Texans may sneer and snicker, and ol’ J.R. Ewing’d curl his lip, but New Yorkers are getting into the western look and, surprisingly, are carrying it off with great style. The Western Look has become a part of cosmopolitan New York, and maître d’s at expensive restaurants no longer even as much as blink an eye at the sight of Stetson hatted, bolo-tied customers.
But what, to the urbane New Yorker, is the western look?
“It’s romance, it’s freedom, it’s a feeling,” a salesman at the exclusive western shop, McCreedy and Schrieber, reflected. At McCreedy’s, the price for beautiful hand-tooled leather boots can run into the four digits and similarly high-priced items move just as fast as less expensive styles.
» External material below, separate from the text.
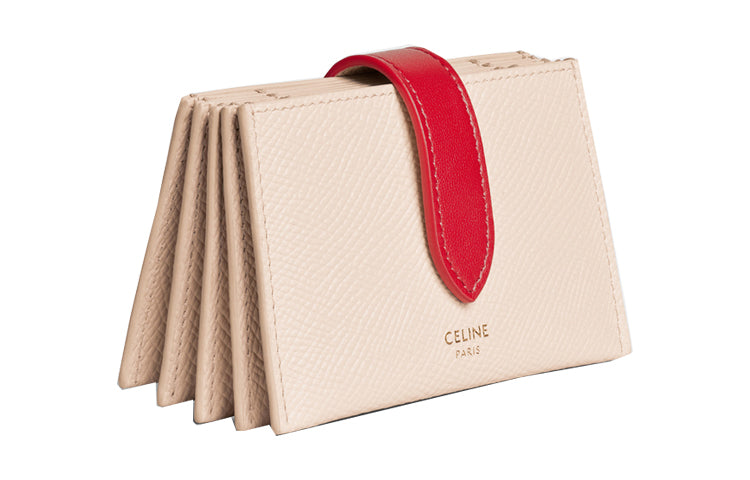 CELINE Grained Calfskin Card Holder Women's Nude Pink/Red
But the western look is also denim and tri-colored cowboy shirts with yokes (a kind of scalloped cut), snaps instead of buttons, and piping (a thin roll of decorative material). It’s the bolo (string) tie, the wide-brimmed hats, the pointy-toed boots, and the perennial blue jeans.
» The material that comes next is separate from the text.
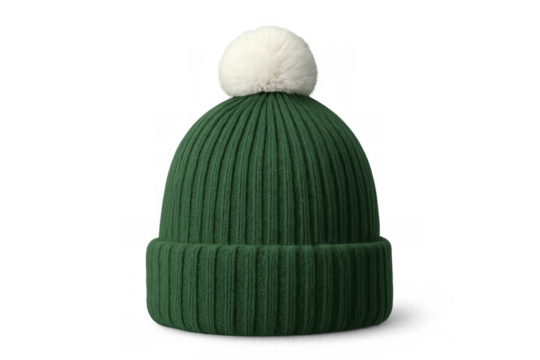 Green woolen hat with white fur pompom isolated on transparent background, perfect for winter season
While searching to unravel the mysteries of the western look, one will quickly find that there are two distinct categories: the gentleman cowboy and the ranch hand. Gentleman cowboy would apply to James Gardner in Wheeler Dealers or Larry Hagman in television’s Dallas—tailored suits with yokes and piping, and arrow stitched pocket corners; lizard-footed, tooled cowboy boots and trim, and light tan Stetson hats and cologne.
Ranch hand, by contrast, is flashy yoked shirts (everything western is yoked); blue jeans, bandanas, and leather jackets.
The demand for western clothes east of Amarillo and Abilene has inspired fashion designers like Ralph Lauren to create a special line. None other than Bloomingdale’s on New York’s fashionable East Side, carries the line, which includes a western-oriented men’s cologne called Chaps. Bloomie’s houses two Lauren western shops—one for men on the main floor and another for women on the third level.
A salesman on the main floor, wearing a fringed leather jacket and calico print bandana called New York’s western look customers, The drugstore cowboys. They come in here and say they want to look like Texans, even though most of them have never been closer to a horse than the ones they see on television.
“Even I’ve only been on a horse once,” he grinned. “It went up and down to music and kept passing a brass ring.”
While Lauren offers neophytes such luxuries as supple suede cavalry shirts for $3.50, the words of Hollywood dress designer Bob Mackie (designer for Cher, Carol Burnett and Diana Ross) should not be ignored. He feels, quite bluntly, that designer western wear is a ripoff copy of items available at authentic riding and western shops at a mere fraction of the cost.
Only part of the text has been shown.